REQUIREMENT: Pictures stay out of the output. Return exactly the lines below from the one with "AAA Zirconia Solitaire Ring" down to the one with "Caribbean Flair Graphic T-Shirt", both included, and nothing more.

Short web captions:
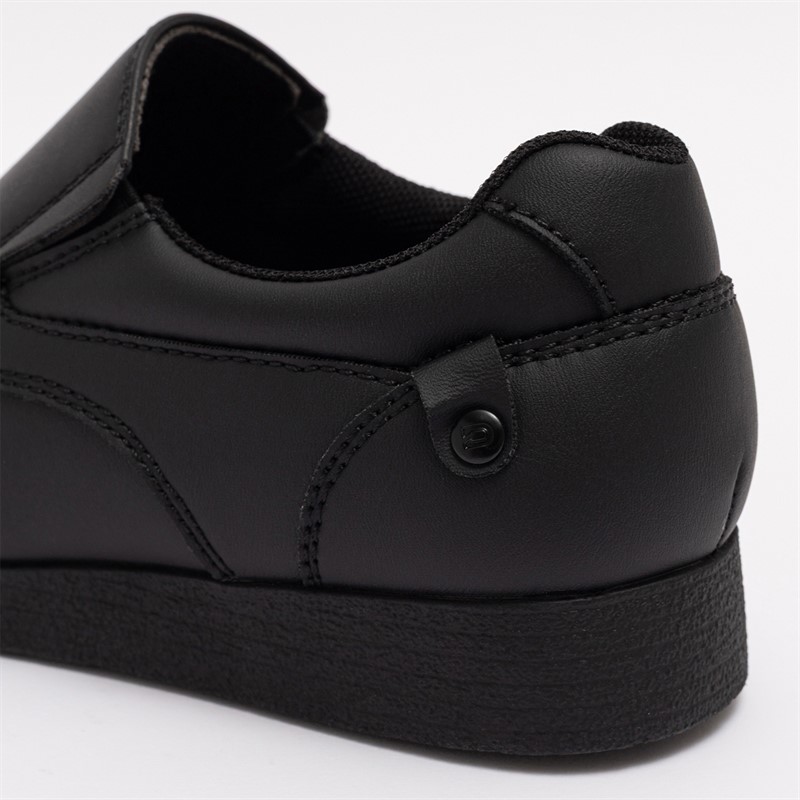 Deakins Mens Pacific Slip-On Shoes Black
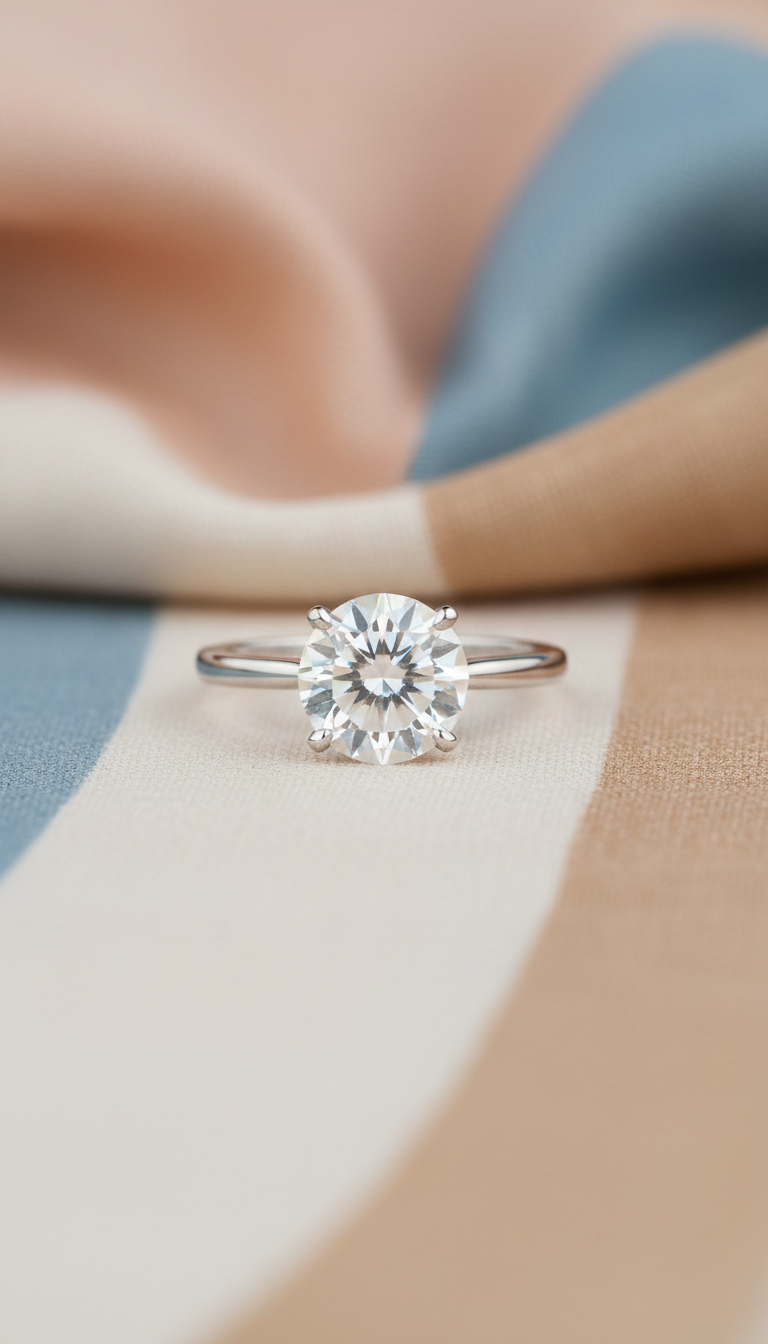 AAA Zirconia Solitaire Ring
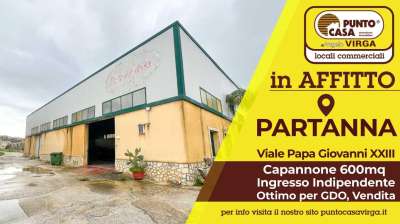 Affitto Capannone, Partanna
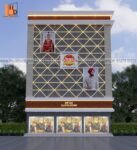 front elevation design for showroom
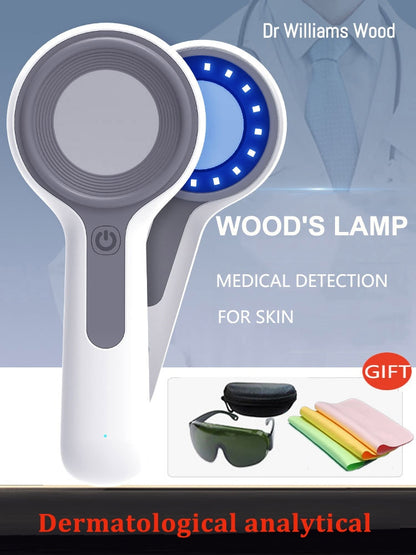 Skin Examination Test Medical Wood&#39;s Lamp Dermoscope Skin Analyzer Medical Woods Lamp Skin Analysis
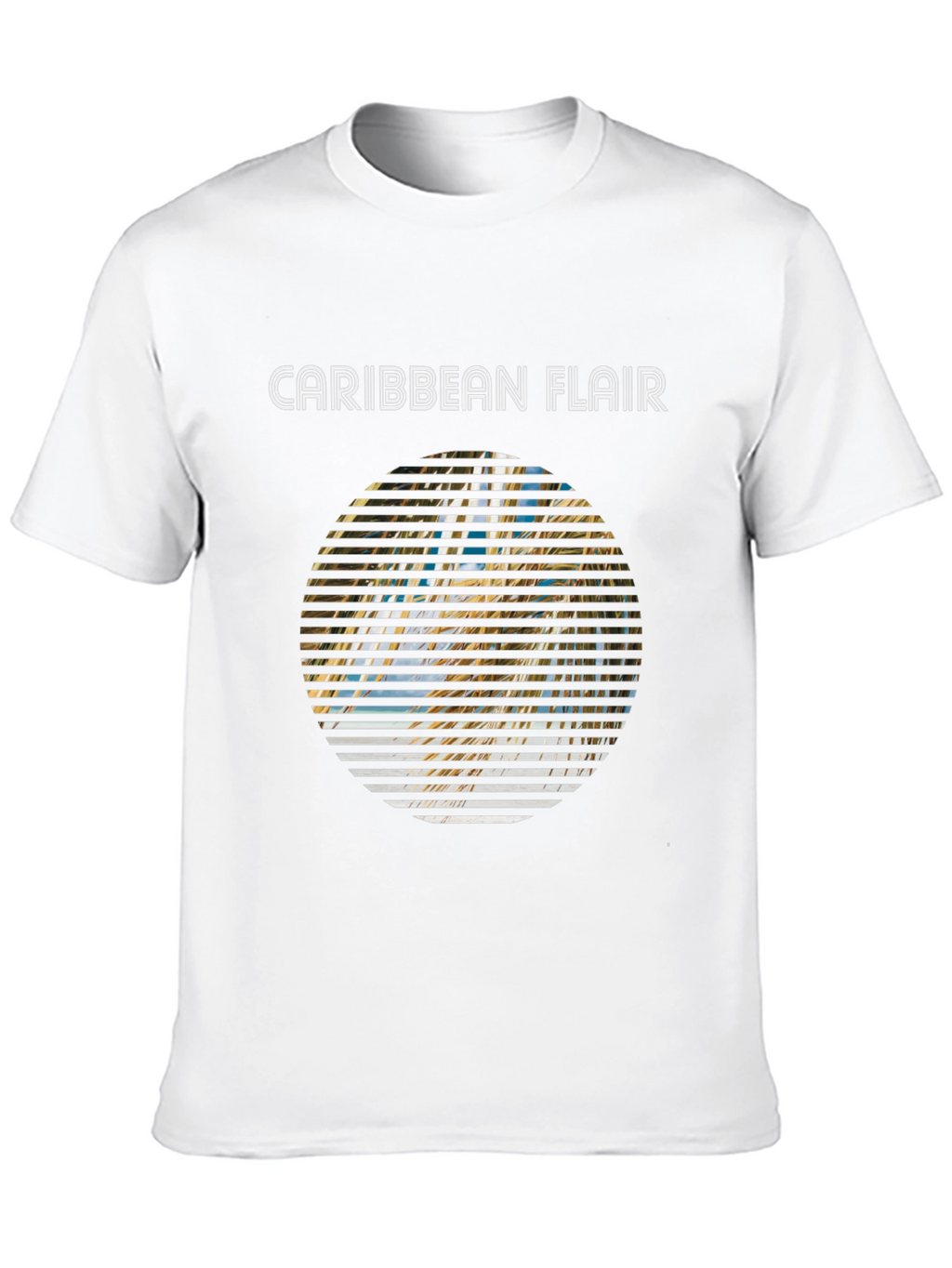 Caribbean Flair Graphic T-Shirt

---

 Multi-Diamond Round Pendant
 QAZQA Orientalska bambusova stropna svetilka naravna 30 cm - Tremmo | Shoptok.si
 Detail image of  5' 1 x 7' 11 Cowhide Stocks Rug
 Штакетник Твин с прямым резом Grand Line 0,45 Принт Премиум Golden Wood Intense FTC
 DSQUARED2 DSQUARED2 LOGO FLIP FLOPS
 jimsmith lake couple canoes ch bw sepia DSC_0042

RESPONSE:
 AAA Zirconia Solitaire Ring
 Affitto Capannone, Partanna
 front elevation design for showroom
 Skin Examination Test Medical Wood&#39;s Lamp Dermoscope Skin Analyzer Medical Woods Lamp Skin Analysis
 Caribbean Flair Graphic T-Shirt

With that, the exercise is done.